Non parlo della qualità degli incontri con stipulazione HIAC, ma della pura e semplice disposizione degli stessi; se Charlotte vs Sasha fosse stato inglobato all’interno della card, come forse avremmo potuto vedere in altri tempi, la valutazione dello show ne avrebbe risentito. La qualità degli incontri, invece, ha centrato perfettamente il pubblico a cui la WWE si rivolge, in maniera eterogenea, senza lasciare nulla al caso. E in questo devo fare un sincero plauso, non era scontato, soprattutto con la limitazione di un solo roster e talenti, diciamolo, non certo di chissà quale livello nel match di apertura. Rusev vs Reigns, per non usare definizioni troppo forti e invece cercare di infiocchettarlo con qualche parola gentile, è stato lottato ad un ritmo fin troppo lento e compassato. Personalmente l’ho trovato noioso e ridicolo nel momento in cui Rusev non sapeva se mordere la catena o usarla per fare pratica prima di baciare la moglie. Ma c’è a chi piace vedere due “omoni” darsele di santa ragione, lentamente per oltre venti minuti. Oh, magari i sessantenni fan del wrestling old school all’ascolto si saranno emozionati. A parte le battute, buono come opener, è servito a dare il mood alla serata e soprattutto senza alcuna pressione per questi due, in particolare Roman, che trovo sempre più spaesato.

Ho gradito molto la prestazione di Owens e Rollins, anche se di per sé, per come è andata si è tolto il pathos e il classico ultimo capitolo della faida all’Hell in Cell. Quel discorso accennato poco fa e nei nostri podcast, alla faida non serviva questa stipulazione ed è stata gestita come fosse una stipulazione qualsiasi. Peccato.

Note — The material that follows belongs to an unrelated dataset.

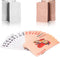 2 Packs Standard Playing Card Decks - Waterproof Plastic Poker Cards for Texas Hold'em, Blackjack, Euchre, Canasta Card Game,Gin Rummy, Baccarat...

Peccato anche perché, nonostante capisca la eccezionalità della situazione, quando vedo il titolo mondiale non difeso nel main event non mi piace molto.  L’eccezionalità della situazione, che aldilà del primo HIAC femminile della storia, aldilà del primo main event femminile di un ppv, per quanto mi riguarda a incoronato la migliore wrestler della storia e, parere personale, migliore wrestler in assoluto del 2016 in WWE. Direi che per quanto mi riguarda, posso ritenermi felice e far finta di niente per qualcosa andato storto.